Captioned web images
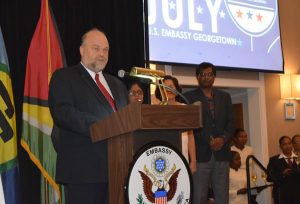 US Ambassador to Guyana, Perry Holloway delivering remarks as Minister of Public Security, Khemraj Ramjattan (right); First Lady, Sandra Granger and the wife of the Prime Minister, Sita Nagamootoo look on. 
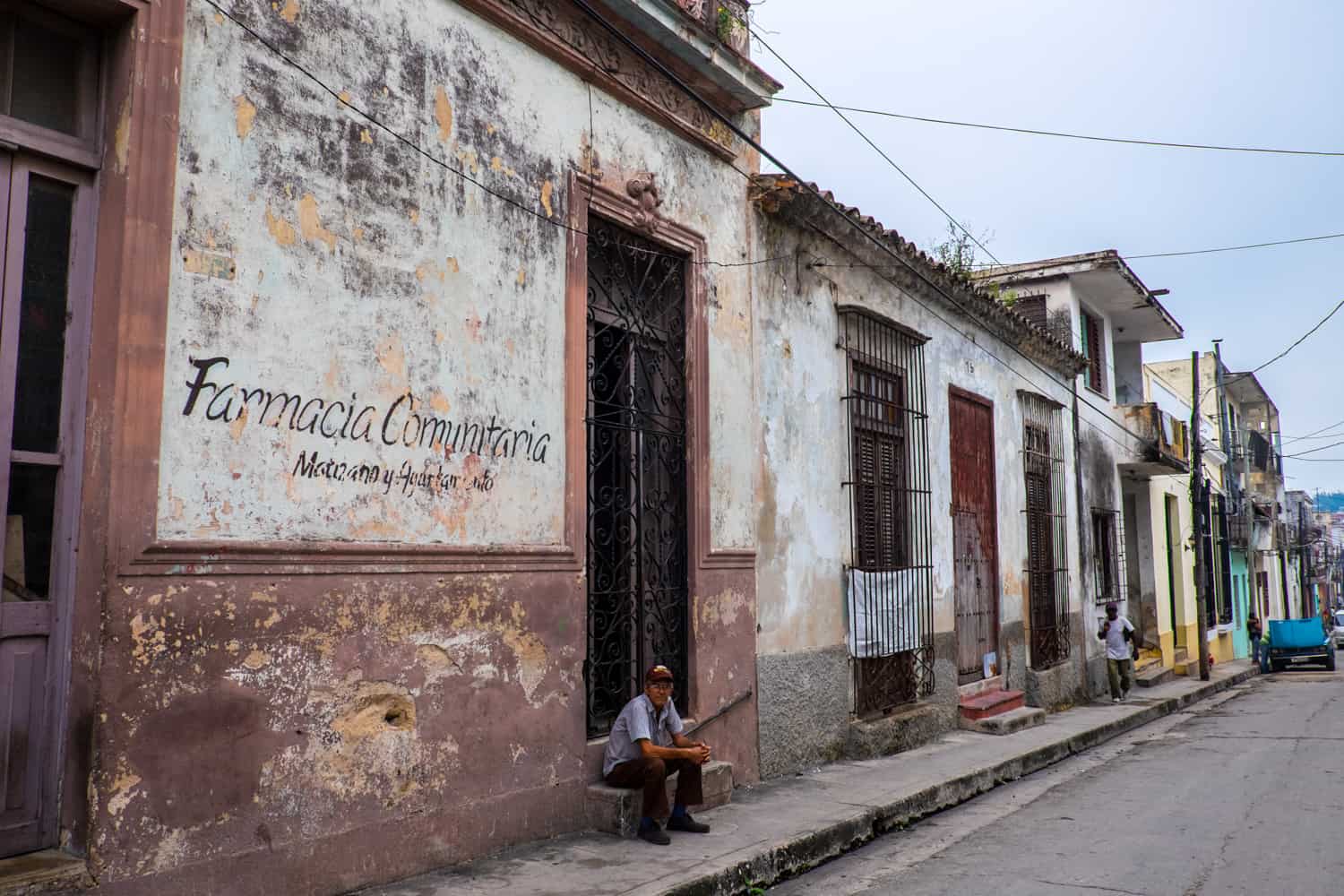 A man sits on the window ledge of a peeling brown and white building that has the words Farmacia Comunitaria painted on it. 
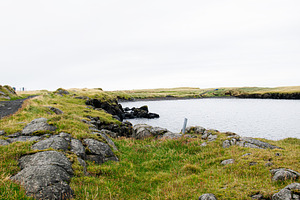 Scenic coastal landscape featuring rocks and grassy shores in Iceland, a Nature Photo by AS photostudio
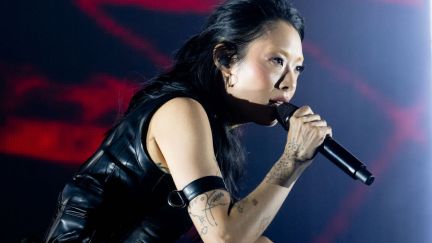 Rina Sawayama leans over and belts into a microphone, wearing black leather.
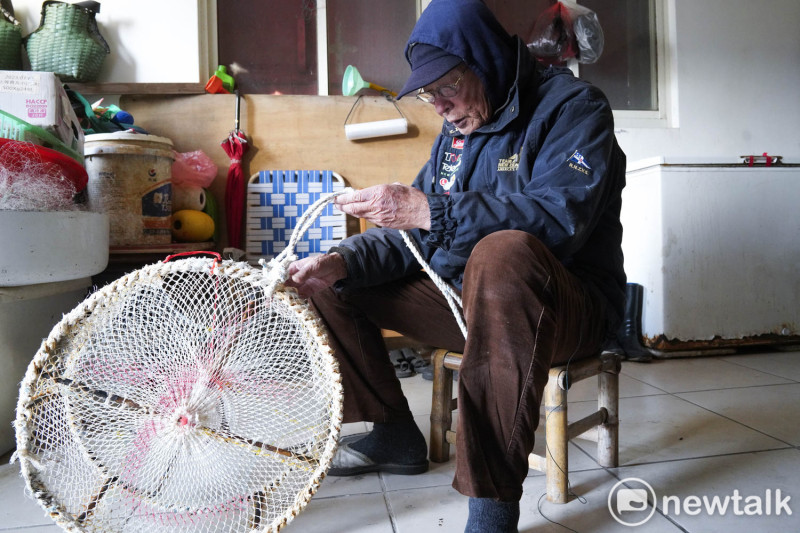 冬天風浪大無法出海，住在福正村的曹木花老先生在家裡修補章魚籠。   圖：張良一/攝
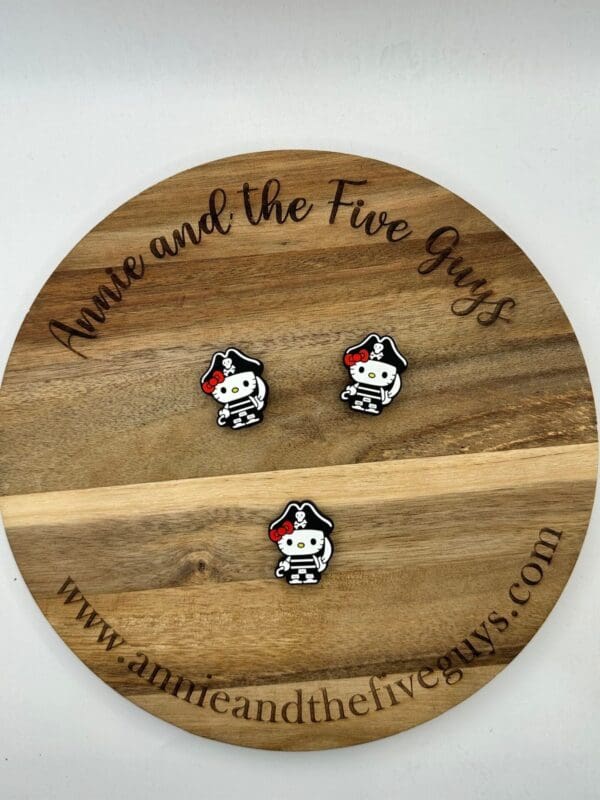 A wooden circular board with the text "Annie and the Five Guys" holds three small, pirate-themed pins featuring a black and white figure with a red bow. Website link: www.annieandthefiveguys.com.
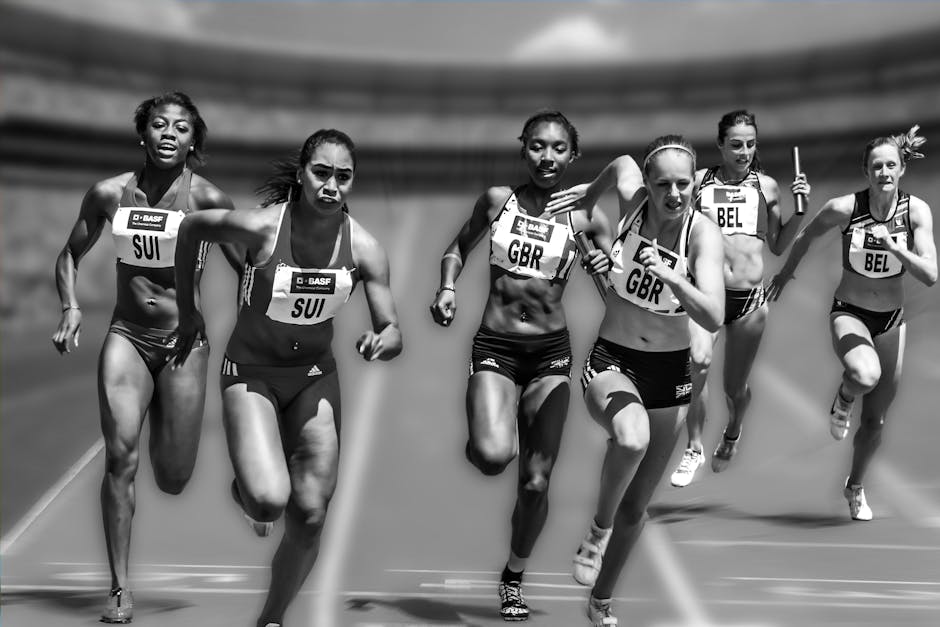 Female athletes in a high-stakes track race showcasing physical prowess and competition.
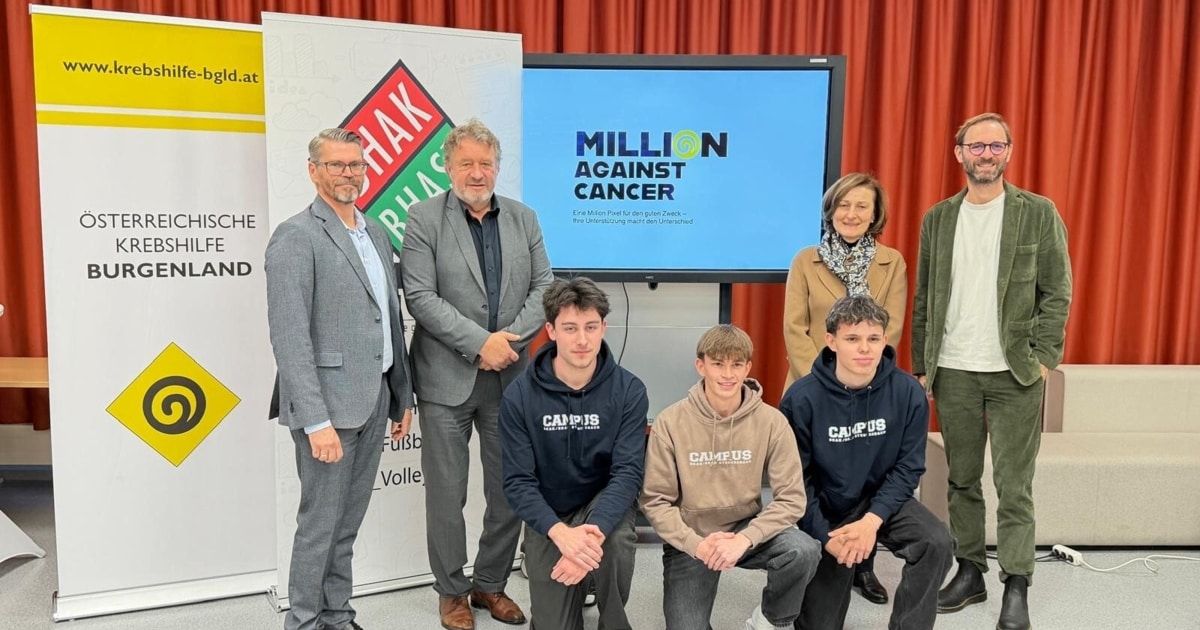 Eine Gruppe von Menschen in formeller Kleidung und Kapuzenpullovern posiert für ein Foto vor einem Bildschirm, der Million gegen Krebs zeigt.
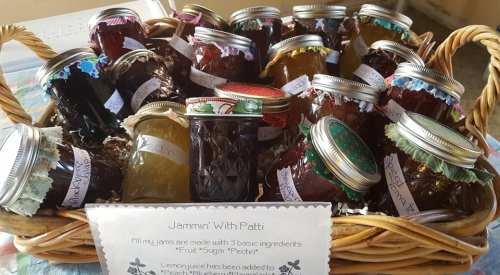 A basket filled with various jars of homemade jams, labeled with flavors, alongside a sign about the ingredients used.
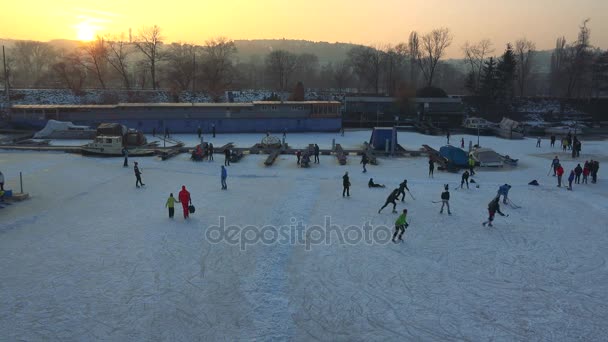 La gente gioca a hockey su un fiume ghiacciato — Video Stock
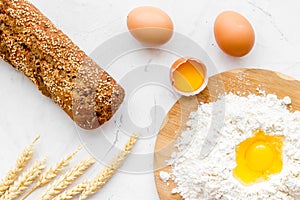 Make bread concept. Bread near wheat ears, flour and eggs on white background top view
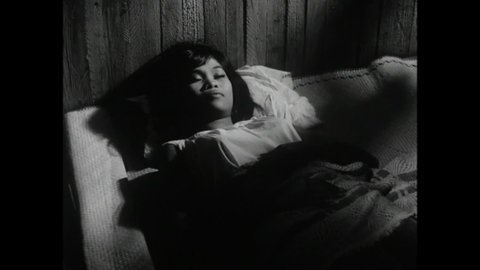 CIRCA 1965 - In this horror film, a woman gets in bed and then discovers a disfigured murderer in her bedroom.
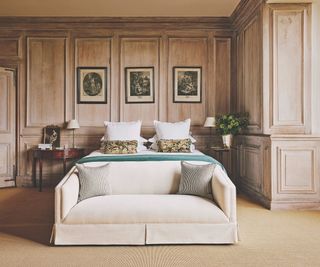 cream sofa at the end of bed in room with wooden walls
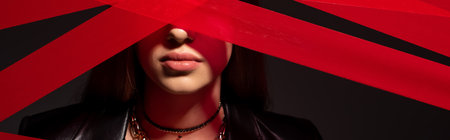 red strips from duct tape near teenage model isolated on black, bannerの写真素材
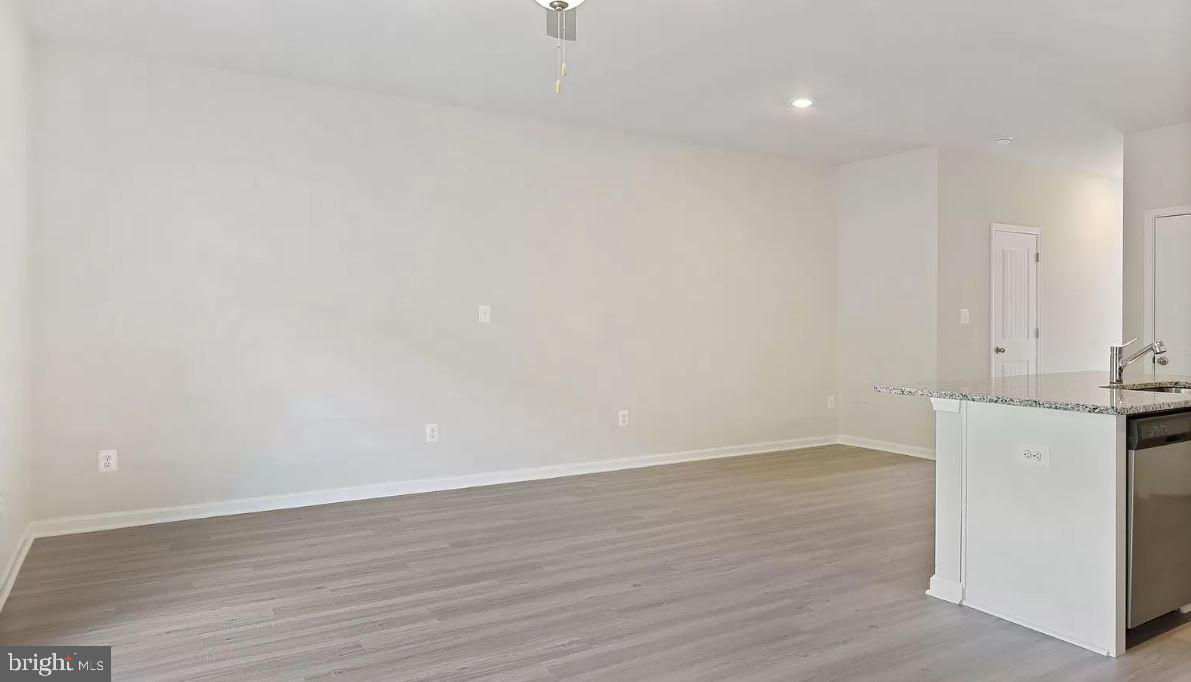 58 Cramsford Street Falling Waters, WV 25419 - Photo 5 of 9 a view of an empty room with wooden floor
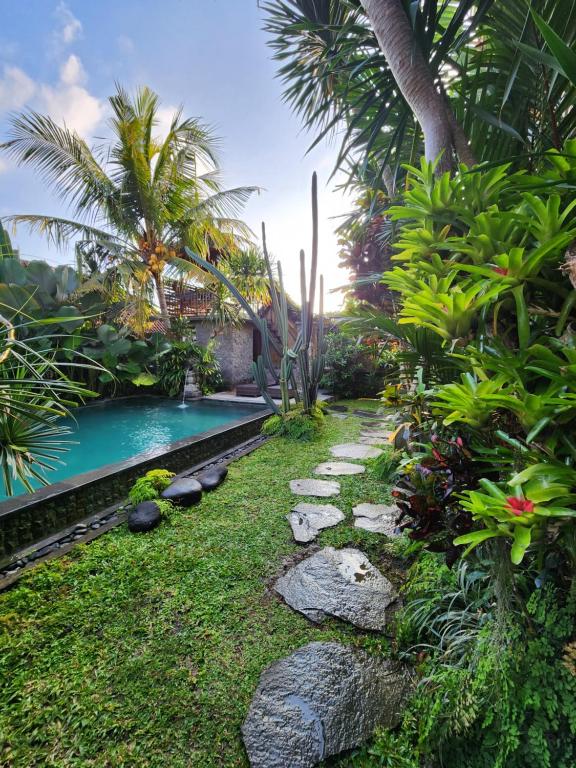 乌布BUDA AMITABA的一个带游泳池和棕榈树的花园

→ **Brief**: Each line from the start of the entries through the line with "冬天風浪大無法出海，住在福正" is to be restated exactly, and the pictures are to be skipped.

→ **Written solution**:
 US Ambassador to Guyana, Perry Holloway delivering remarks as Minister of Public Security, Khemraj Ramjattan (right); First Lady, Sandra Granger and the wife of the Prime Minister, Sita Nagamootoo look on. 
 A man sits on the window ledge of a peeling brown and white building that has the words Farmacia Comunitaria painted on it. 
 Scenic coastal landscape featuring rocks and grassy shores in Iceland, a Nature Photo by AS photostudio
 Rina Sawayama leans over and belts into a microphone, wearing black leather.
 冬天風浪大無法出海，住在福正村的曹木花老先生在家裡修補章魚籠。   圖：張良一/攝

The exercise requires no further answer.